Repeat the data that follows exactly, starting at the line with "Kirklands Home Garden" and ending at the line with "10Pcs Brass Collet", and leave out every picture.
──────── EXTRACTED MATERIAL
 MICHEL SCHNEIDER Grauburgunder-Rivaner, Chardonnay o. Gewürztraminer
────────────────
──────── EXTRACTED MATERIAL
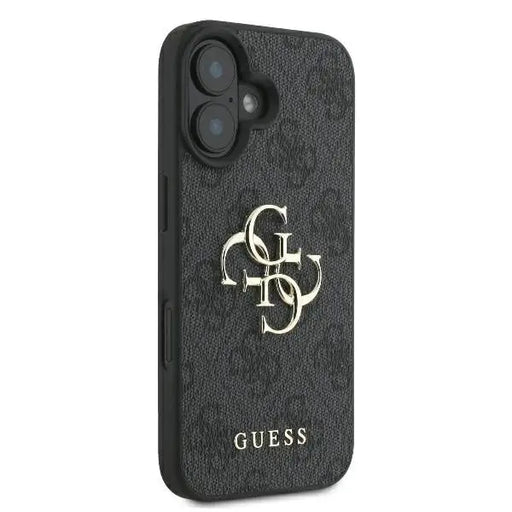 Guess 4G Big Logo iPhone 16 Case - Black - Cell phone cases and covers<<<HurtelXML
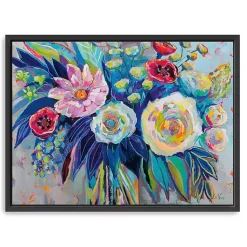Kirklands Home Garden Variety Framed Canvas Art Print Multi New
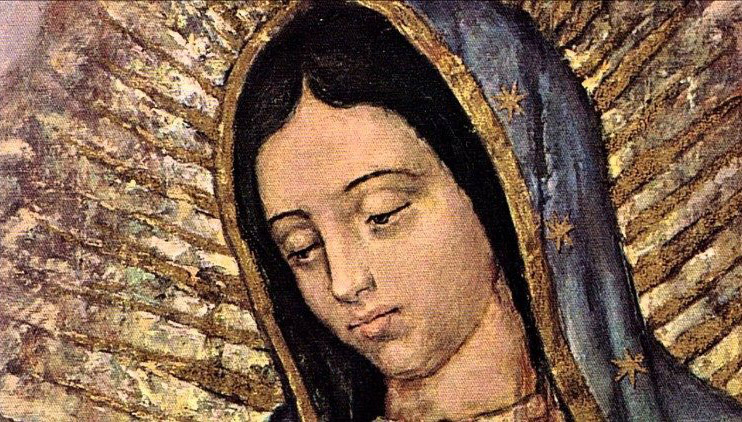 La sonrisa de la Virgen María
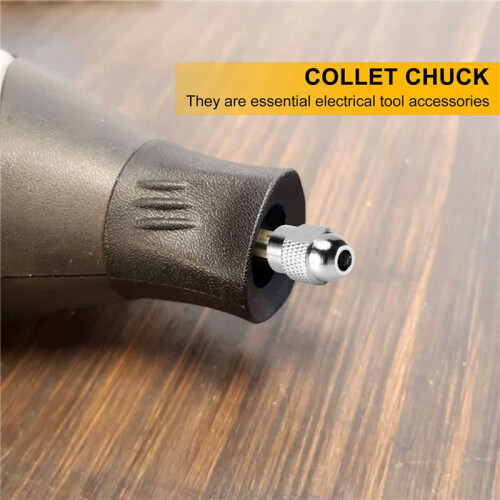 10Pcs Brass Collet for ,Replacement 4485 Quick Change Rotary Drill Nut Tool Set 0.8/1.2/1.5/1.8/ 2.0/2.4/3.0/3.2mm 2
────────────────
**EXERCISE ANSWER**
Kirklands Home Garden Variety Framed Canvas Art Print Multi New
 La sonrisa de la Virgen María
 10Pcs Brass Collet for ,Replacement 4485 Quick Change Rotary Drill Nut Tool Set 0.8/1.2/1.5/1.8/ 2.0/2.4/3.0/3.2mm 2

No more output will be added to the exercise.